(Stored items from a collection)
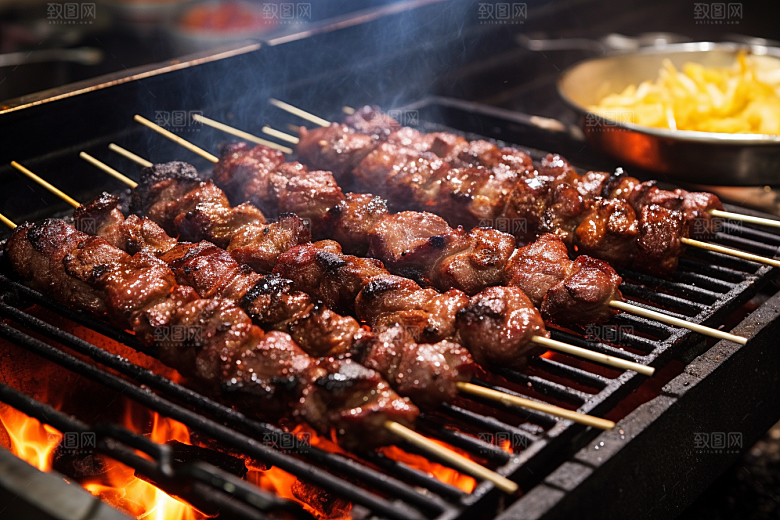 BBQ烧烤肉食聚会摄影图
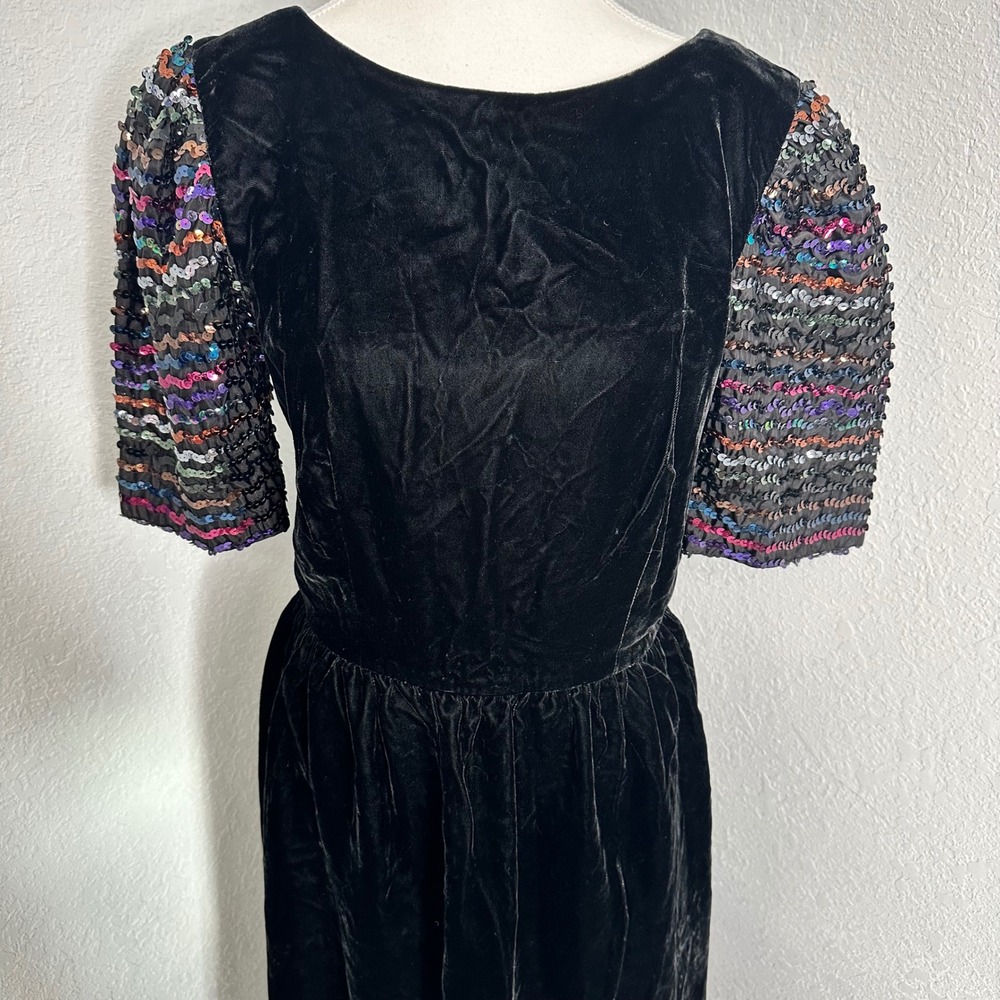Ricki Lang for Nuit Black Velvet Sequin Sleeve Dress Vintage‎ Party Cocktail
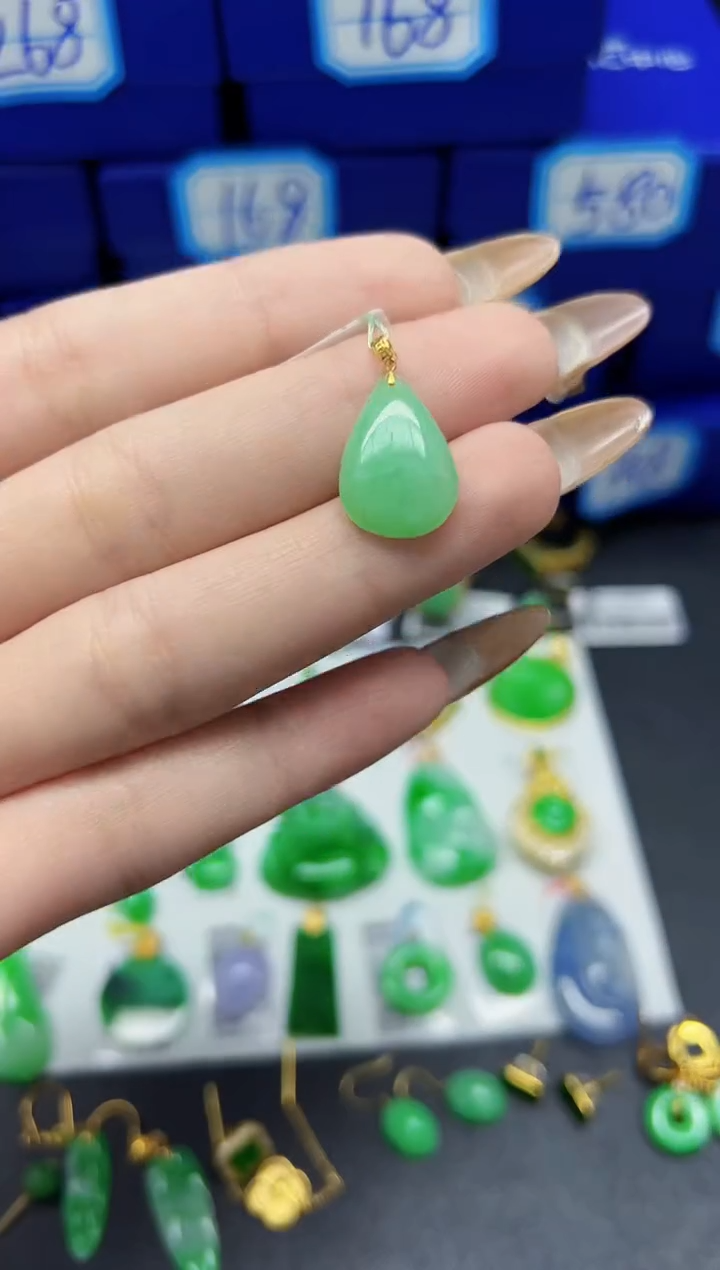 【闪购商品】翡翠颈饰18K金镶嵌Y缅料A货/支持复检/一件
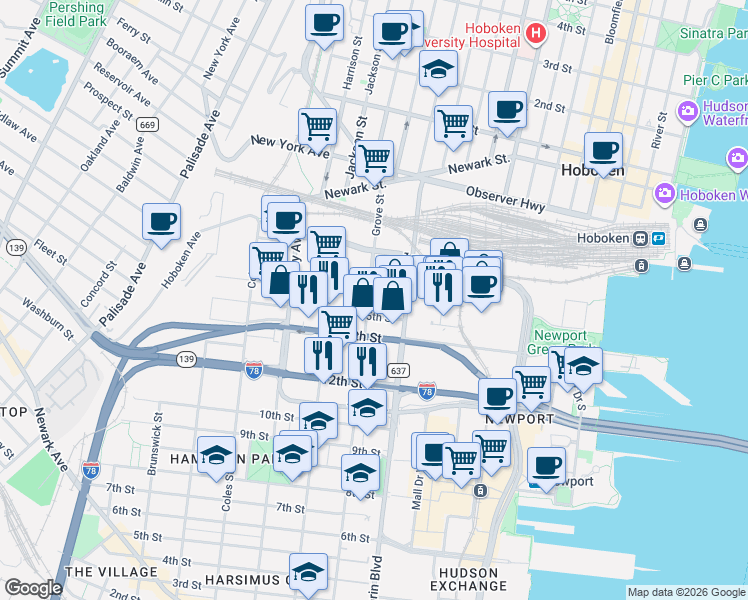 map of restaurants, bars, coffee shops, grocery stores, and more near in Jersey City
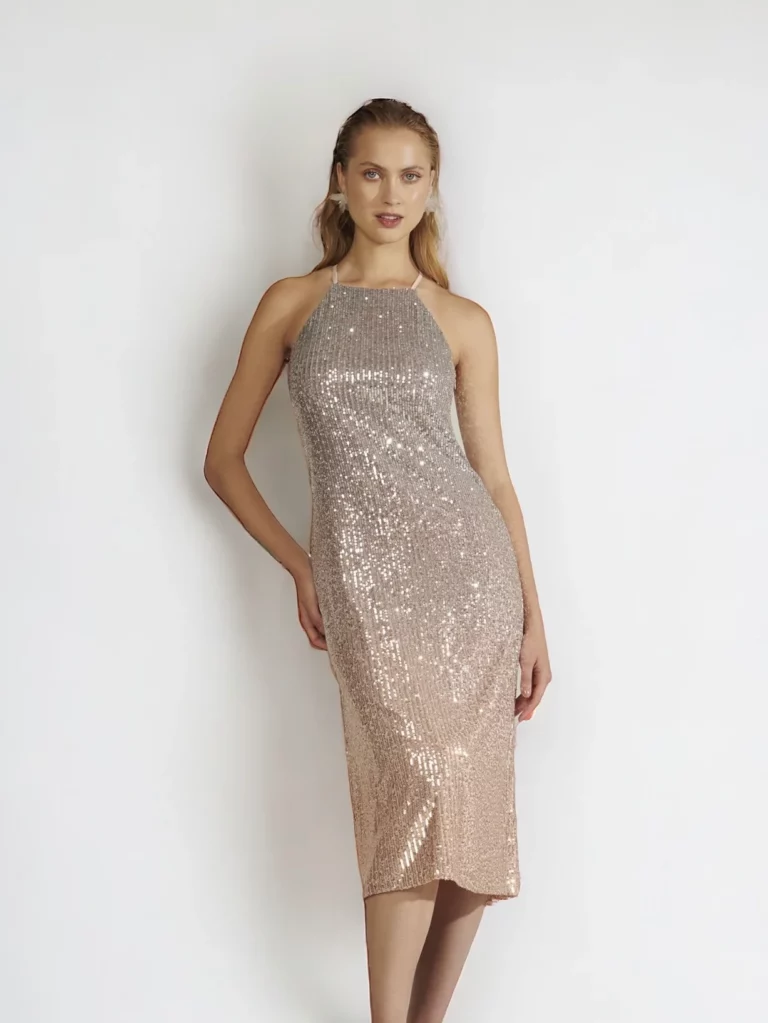 Abito midi in paillettes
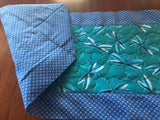 Quilted Table Runner, 13x42" Dragonfly Table Quilt for Coffee or Dining Table, Reversible Decor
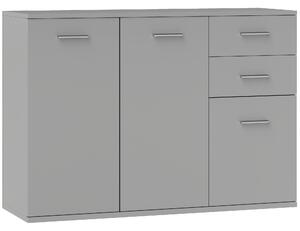 HOMCOM Credenza Moderna con 3 Armadietti e 2 Cassetti, in Legno, 106x35x76 cm, Grigio Chiaro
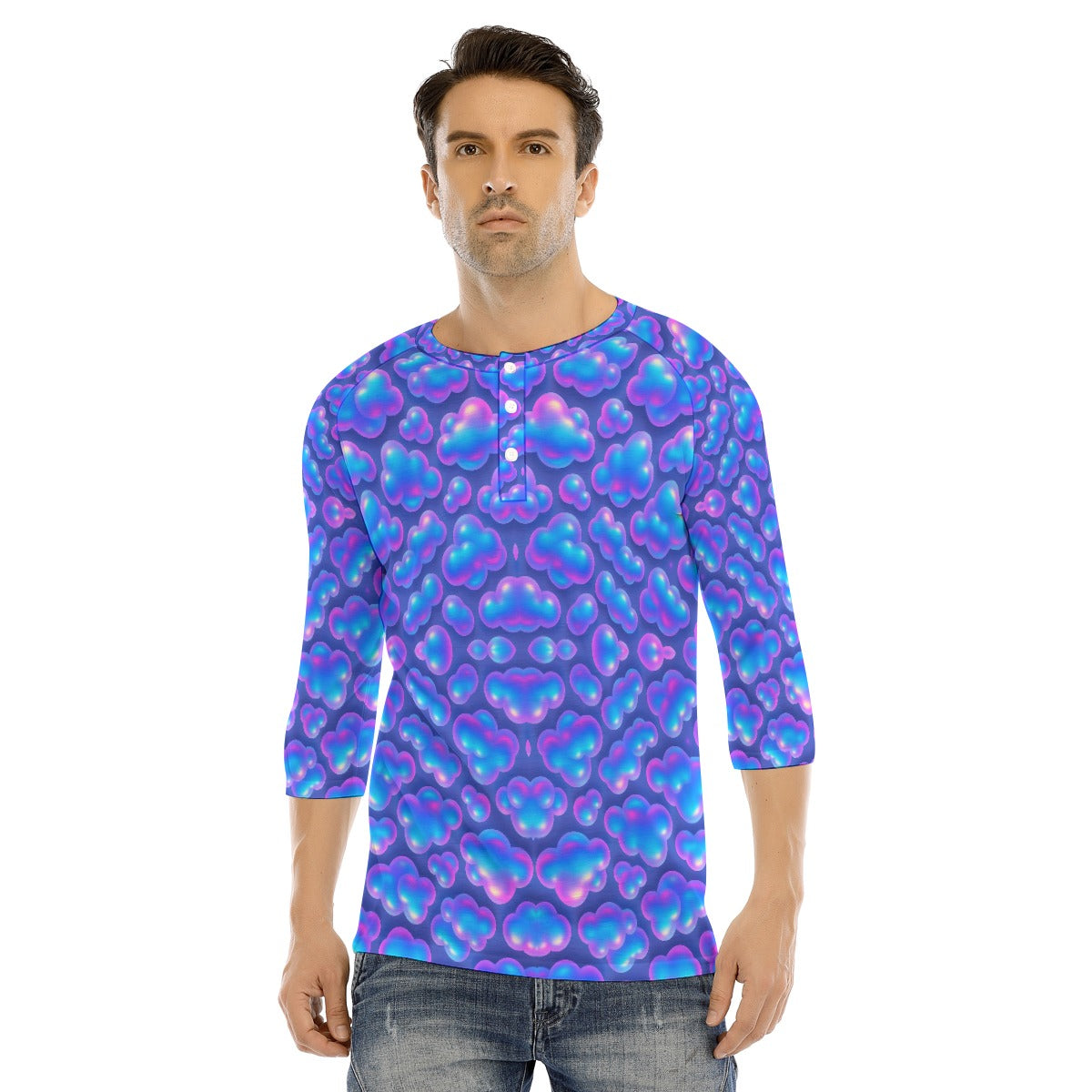 Men's Bracelet Sleeve T-shirt With Button Closure - view 1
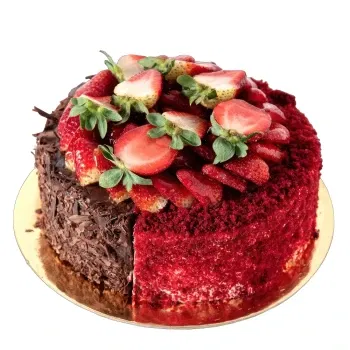 Amman online Florist - Red Velvet & Fudge Cake Bouquet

== WORK TASK ==
Drop the images and transcribe the entries above exactly.

== SOLVED PROBLEM ==
 BBQ烧烤肉食聚会摄影图
Ricki Lang for Nuit Black Velvet Sequin Sleeve Dress Vintage‎ Party Cocktail
 【闪购商品】翡翠颈饰18K金镶嵌Y缅料A货/支持复检/一件
 map of restaurants, bars, coffee shops, grocery stores, and more near in Jersey City
 Abito midi in paillettes
 Quilted Table Runner, 13x42" Dragonfly Table Quilt for Coffee or Dining Table, Reversible Decor
 HOMCOM Credenza Moderna con 3 Armadietti e 2 Cassetti, in Legno, 106x35x76 cm, Grigio Chiaro
 Men's Bracelet Sleeve T-shirt With Button Closure - view 1
 Amman online Florist - Red Velvet & Fudge Cake Bouquet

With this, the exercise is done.